Risk of Developing Gestational Diabetes
It is a unique type of diabetes known to only happen to pregnant women, especially those who get pregnant at an old age. This condition can bring about having babies larger than normal, leading to severe injuries during childbirth. Dietary and physical efforts must be made to contain blood sugar levels to minimize the risk of gestational diabetes. There are also recommended medications for managing this condition.
High Blood Pressure
Older women are more likely to suffer high blood pressure if they get pregnant.
To manage this condition, you need to consult your doctor to keep tabs on your blood pressure and how your baby grows in the womb. It will mean more visits to your doctor. In addition, your doctor might require you to deliver prematurely to prevent possible complexities.
To avoid the complications that are likely to arise at childbirth for women who get pregnant at an old age, doctors may decide to get the women to give birth before they carry their pregnancy to full term. Unfortunately, this also has its unfavorable effects. Babies born before full term suffer several medical issues.
You Might Need to Go Under the Knife
To circumvent the various complications that come with pregnancy at an old age, such as a case of the placenta covering up the opening of the uterus, your doctor may suggest a cesarean section over a natural birth.
There is a higher chance of chromosomal disorders in children born to older women. Such chromosomal anomalies include Down syndrome.
Risk of Miscarriage and Stillbirth
There are greater chances of losing your pregnancy or giving birth to a dead baby if you get pregnant at an old age. It could be because of the attendant complications and medical anomalies, such as the low quality of the fertilized eggs.

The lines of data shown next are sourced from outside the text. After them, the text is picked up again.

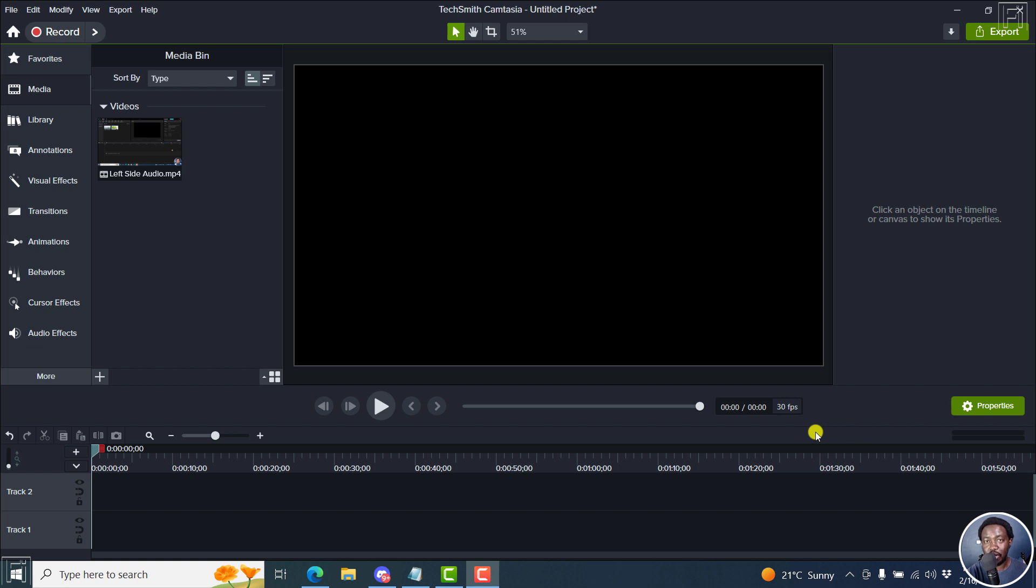In this video, I'll show you how to fix the left side only issue in Camtasia 2022. Welcome to this video. My name is David and I hope you're well wherever you are around the world.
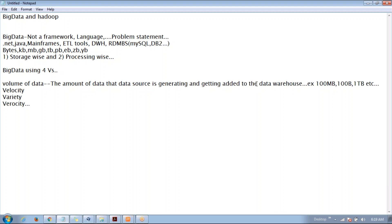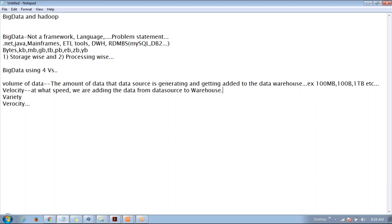Velocity means at what speed we are adding one terabyte of data — whether in a week, in one hour, or in one month. That speed is called velocity. So for example, Amazon.com is generating a lot of data every day, and that data we try to add from source to destination is the volume, and the speed at which we add it is the velocity.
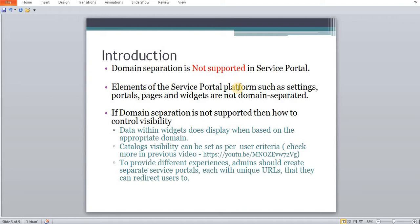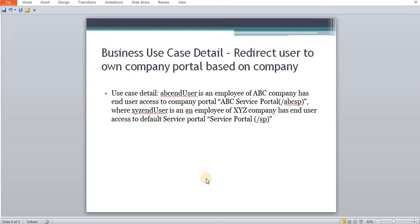Elements on service portal platforms such as settings, portals, pages, and widgets are not domain separated. But the data published on those widgets is separated by company — meaning it displays based on the appropriate domain. Catalog visibility, which we reviewed in our last tutorial, is also set based on user criteria, so we can control the view as well. To provide different experiences, an admin can create separate service portals, each with a unique URL to which users can be redirected. In today's business case, we are going to separate data based on company portal.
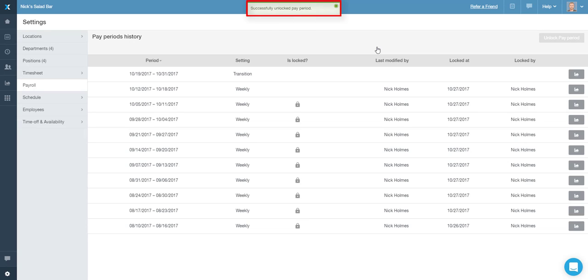Once you're done with the adjustments, you can run the payroll report again and lock your last pay period to prevent any unwanted changes.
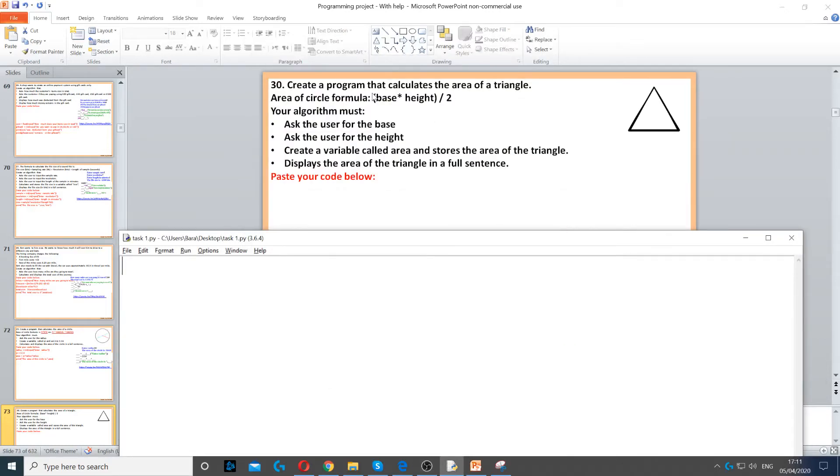This question asks us to calculate the area of a triangle. The formula for the triangle is base times height divided by 2.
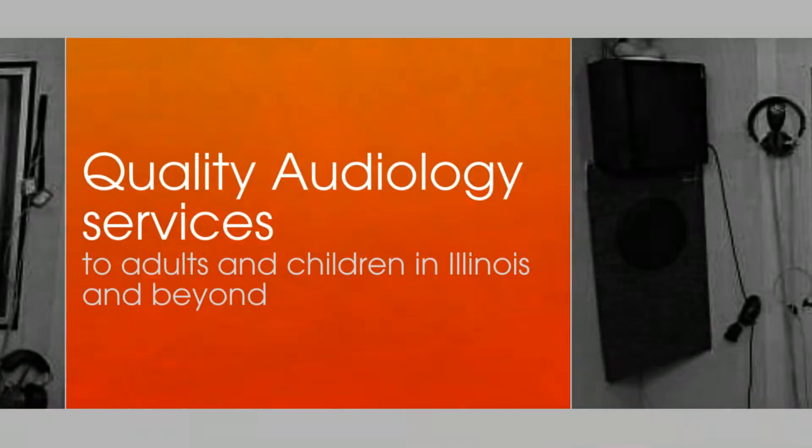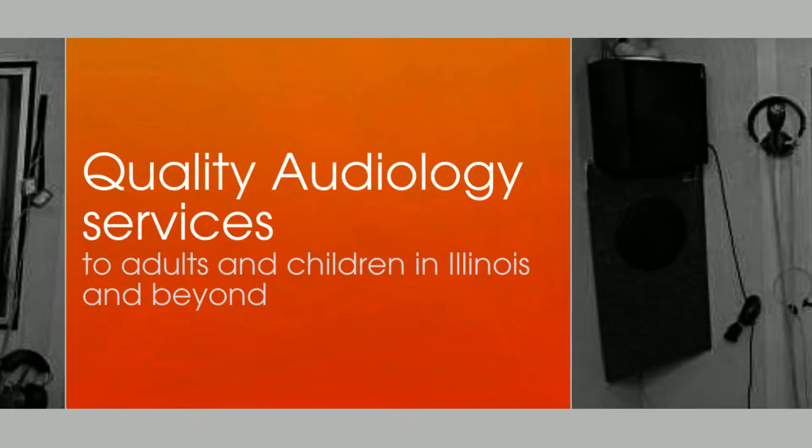Darcy Beals from Streeter Hearing Care has been an audiologist for over 20 years. She formed Streeter Hearing Care to provide quality audiology services to adults and children in Illinois and beyond.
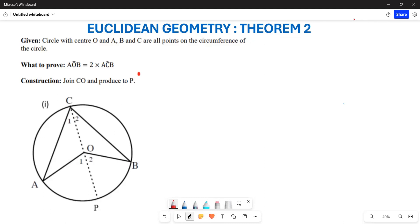Greetings everyone. We want to learn how to prove Theorem 2. What this theorem states is that the angle at the center is twice the angle at the circumference. So basically we want to prove that angle AOB is twice angle ACB.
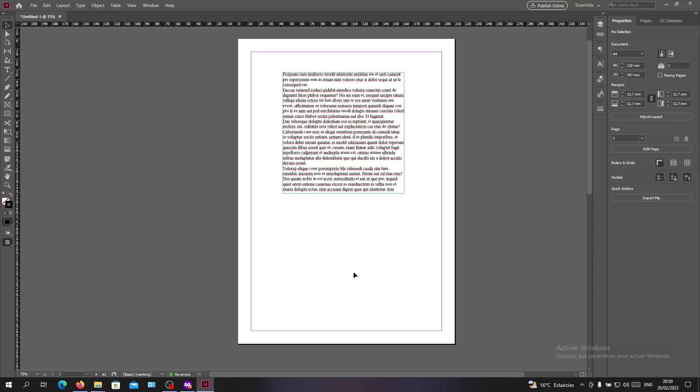Hello guys and welcome to another new tutorial. Today I'm going to show you how to get out from the preview mode on Adobe InDesign. The first thing that I will need you to do now is to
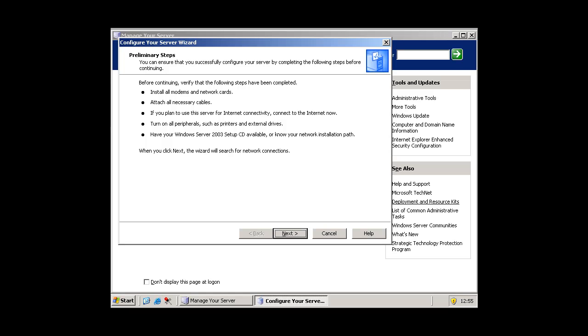So make sure you have all the necessary things, which are all here. Press next.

After you have hit menopause, there are still chances of you being able to get pregnant and carry the pregnancy till the right time of delivery with the assistance of in vitro fertilization procedures and hormone therapies.

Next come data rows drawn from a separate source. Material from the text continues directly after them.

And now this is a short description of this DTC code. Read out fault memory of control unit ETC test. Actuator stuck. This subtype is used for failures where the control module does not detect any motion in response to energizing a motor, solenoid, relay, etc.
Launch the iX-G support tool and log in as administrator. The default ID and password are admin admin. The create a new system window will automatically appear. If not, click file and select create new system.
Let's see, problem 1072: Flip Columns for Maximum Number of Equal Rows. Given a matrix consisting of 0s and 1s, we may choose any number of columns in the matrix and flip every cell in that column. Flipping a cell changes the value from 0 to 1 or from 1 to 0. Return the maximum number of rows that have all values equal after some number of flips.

However, this is easier said than done. There are complications and side effects that you may experience if you want to get pregnant, even when you have reached menopause. To properly handle these, you must carry your doctor along the process for medical advice and monitoring.
Apart from in vitro fertilization (IVF), your chances of getting pregnant after 12 months of not seeing your period are bleak.
Your doctor will let you know that there are certain precautions you must take to manage the probable consequences of this decision if you decide to go ahead.
Be sure to take your prenatal tests and medical appointments seriously. It will help prevent or ease any possible complications that may arise later in the pregnancy. Inform your doctor of any development you notice, whether good or bad, to ensure that she is always abreast of you and your baby’s health status and progression and swoop in to find solutions to any complications.
Gaining a fairly good amount of weight can help manage the complications that plague women who get pregnant at menopause or old age. Find out from your doctor what amount of weight is right for you and your baby.
Frequent movement and workouts, however, light can go a long way in putting you at ease, getting you pumped up and ready for delivery day. The type of exercises you can do and how frequently you should do them are some of the issues you should trash with your medical doctor.
Refrain From Harmful Habits
Alcohol drinking, as well as tobacco or substance smoking, is normally detrimental to your health. These substances have an even worse impact on women who get pregnant after menopause or old age. Ensure that you let your doctor know of any subsisting medications you are on.
While it is not a proven fact, some studies point to the ages of men at conception as one of the possible reasons children may have health issues.
Pregnancy after menopause or old age can pose life-threatening risks for you, the mother, and your baby. Therefore, you must speak extensively with your doctor if you seriously consider having a baby in your old age.